A speech by HRH The Prince of Wales to open the exhibition Victoria & Albert: Art & Love, The Queen’s Gallery, Buckingham Palace
Published
Speaking as the Chairman of the Royal Collection Trust, I am particularly pleased that this exhibition will provide another great opportunity for people to get to know and appreciate the Collection in all its amazing variety, not only by visiting The Queen’s Gallery, but through the Royal Collection website, where all these things can be explored in more detail, and by means of the numerous educational events that have been organized.
In welcoming you all to the inauguration of the 14th exhibition to be held in what is still sometimes referred to as ‘the new Queen’s Gallery’, opened by Her Majesty not quite eight years ago, it may be appropriate to recall that my great-great-great-grandparents, Queen Victoria and Prince Albert, were themselves avid exhibition-goers. More than that, Prince Albert must take a large share of the credit for the whole modern phenomenon of temporary exhibitions.
I am referring here not only to his masterminding of the Great Exhibition of 1851, which was visited even then by an amazing six million people, but also for his vital backing - supported by a frighteningly large loan from the Royal Collection - of the Manchester Art Treasures Exhibition of 1857. Interestingly, when Prince Albert spoke at the Royal Academy Annual Dinner in 1851, shortly after the opening of the Great Exhibition, he referred to the requirement for an atmosphere of kindness for the production of all works of art or poetry. And he said “An unkind word of criticism passes like a cold blast over their tender shoots, and shrinks them up, checking the flow of the sap which was rising to produce, perhaps, multitudes of flowers and fruit.”
I know that many of you will have shared my lifelong sense of admiration for Prince Albert. It is, if I may say so, a particular pleasure to be able to celebrate the artistic legacy of the remarkable duchy of Saxe-Coburg and Gotha in the company of Their Highnesses Prince Andreas and Prince Hubertus, who are here this evening.
But I hope that this evening, as you have been enjoying the exhibition, you will have come to realize, as I have, how much of what we see here resulted from a truly wonderful partnership of two people. As one looks about the exhibition it becomes obvious that the Queen and Prince Albert were people whose love of the arts was absolutely central to their lives, and to their marriage. They celebrated every birthday, every anniversary and Christmas with gifts of art; they studied art together, played music together and they seem to have gained enormous pleasure, as indeed I do from my favourite artist Carl Haag.
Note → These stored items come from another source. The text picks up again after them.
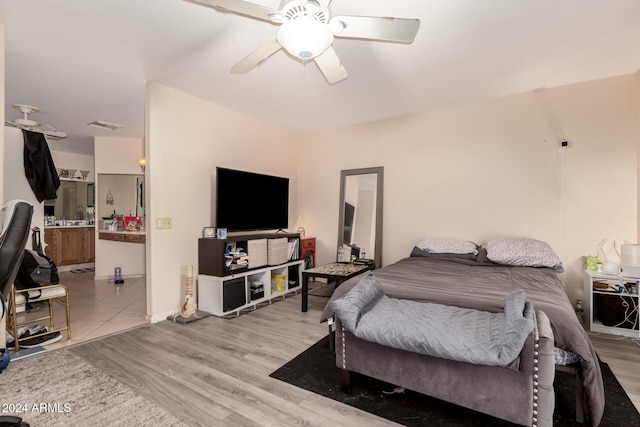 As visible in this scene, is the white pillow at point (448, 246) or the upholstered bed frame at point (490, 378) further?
the white pillow at point (448, 246)

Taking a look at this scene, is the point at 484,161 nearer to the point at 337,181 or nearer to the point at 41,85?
the point at 337,181

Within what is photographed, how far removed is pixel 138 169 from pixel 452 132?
17.5 feet

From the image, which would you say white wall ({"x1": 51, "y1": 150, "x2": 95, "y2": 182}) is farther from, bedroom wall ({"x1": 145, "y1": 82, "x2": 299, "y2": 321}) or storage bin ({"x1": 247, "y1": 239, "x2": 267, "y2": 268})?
storage bin ({"x1": 247, "y1": 239, "x2": 267, "y2": 268})

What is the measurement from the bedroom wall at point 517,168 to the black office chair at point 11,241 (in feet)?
12.3

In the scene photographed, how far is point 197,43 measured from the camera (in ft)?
8.01

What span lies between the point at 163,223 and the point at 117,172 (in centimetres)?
312

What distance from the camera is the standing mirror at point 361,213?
14.4ft

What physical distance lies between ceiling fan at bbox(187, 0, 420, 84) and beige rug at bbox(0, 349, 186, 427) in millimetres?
2109

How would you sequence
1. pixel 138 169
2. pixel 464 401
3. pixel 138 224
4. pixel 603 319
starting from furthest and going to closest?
1. pixel 138 169
2. pixel 138 224
3. pixel 603 319
4. pixel 464 401

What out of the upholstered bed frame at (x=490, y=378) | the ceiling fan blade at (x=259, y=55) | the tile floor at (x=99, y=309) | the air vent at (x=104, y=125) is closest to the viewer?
the upholstered bed frame at (x=490, y=378)

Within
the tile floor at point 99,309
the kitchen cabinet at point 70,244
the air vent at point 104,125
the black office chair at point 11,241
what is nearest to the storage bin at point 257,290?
the tile floor at point 99,309

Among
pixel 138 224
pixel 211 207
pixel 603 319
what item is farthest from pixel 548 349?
pixel 138 224

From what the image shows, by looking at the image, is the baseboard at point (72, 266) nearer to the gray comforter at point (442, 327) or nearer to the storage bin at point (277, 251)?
the storage bin at point (277, 251)

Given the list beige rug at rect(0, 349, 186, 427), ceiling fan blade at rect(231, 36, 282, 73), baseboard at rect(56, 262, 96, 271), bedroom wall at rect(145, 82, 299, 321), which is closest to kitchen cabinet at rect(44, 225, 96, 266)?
baseboard at rect(56, 262, 96, 271) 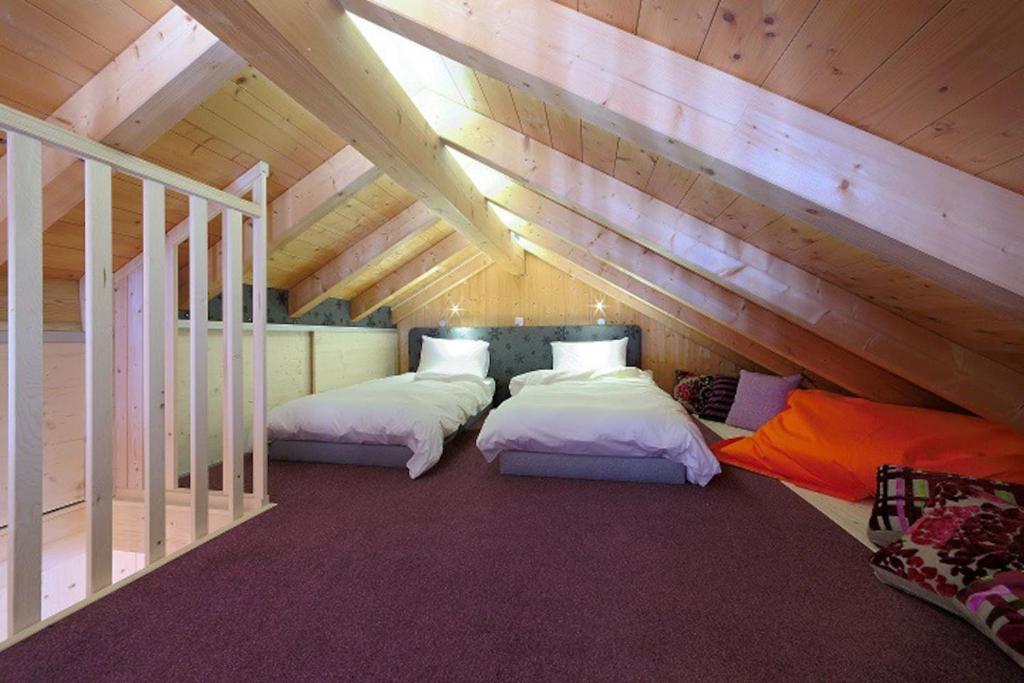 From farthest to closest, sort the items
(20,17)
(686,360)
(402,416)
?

Having asked Winterhalter to paint that marvellous picture, entitled “The First of May” showing the Duke of Wellington presenting a christening gift to Prince Arthur, later Duke of Connaught, in 1851, incidentally the Duke was Godfather to my mama. Queen Victoria found herself having to reply to her son’s enquiry 20 years later as to why he hadn’t received the gift shown in the painting. She wrote “Dear Papa & Winterhalter wished it to represent an Event – like Rubens & Paul Veronese did, periods of History – without any exact fact. It only shows how wrong in fact it is not to paint things as they really are.”
Speaking as the Chairman of the Royal Collection Trust, I am particularly pleased that this exhibition will provide another great opportunity for people to get to know and appreciate the Collection in all its amazing variety, not only by visiting The Queen’s Gallery, but through the Royal Collection website, where all these things can be explored in more detail, and by means of the numerous educational events that have been organized. I am delighted also that these include events undertaken for the first time in partnership with the National Gallery and the Victoria and Albert Museum.
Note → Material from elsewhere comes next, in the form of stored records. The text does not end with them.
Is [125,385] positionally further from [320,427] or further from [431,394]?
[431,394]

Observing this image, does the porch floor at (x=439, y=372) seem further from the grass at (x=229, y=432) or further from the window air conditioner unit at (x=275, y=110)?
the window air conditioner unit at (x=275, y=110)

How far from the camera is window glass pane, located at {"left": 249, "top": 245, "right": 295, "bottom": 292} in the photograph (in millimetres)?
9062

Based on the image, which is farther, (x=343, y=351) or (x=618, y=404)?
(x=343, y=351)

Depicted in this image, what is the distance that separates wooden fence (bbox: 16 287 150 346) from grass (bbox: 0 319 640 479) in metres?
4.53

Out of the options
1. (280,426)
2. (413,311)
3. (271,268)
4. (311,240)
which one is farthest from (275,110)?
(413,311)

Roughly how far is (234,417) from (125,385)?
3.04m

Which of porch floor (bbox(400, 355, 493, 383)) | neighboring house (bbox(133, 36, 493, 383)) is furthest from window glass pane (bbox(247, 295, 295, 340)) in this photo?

As you can imagine, The exhibition is the result of three years of sustained work by Royal Collection curators, conservators, educators, editors, photographers and marketers. The works of art you see here have been brought from Balmoral, Osborne, Windsor, Buckingham Palace, Kensington Palace, Clarence House and even from Highgrove, as I know from the dirty marks left on the wall! It has been an enormous effort, and I am sure this will be justified by very substantial public interest and enjoyment. In thanking those responsible I also want to add our collective thanks to Sir Harry Djanogly, who not for the first time has generously supported the catalogue. So nothing can give me greater pleasure than opening this exhibition.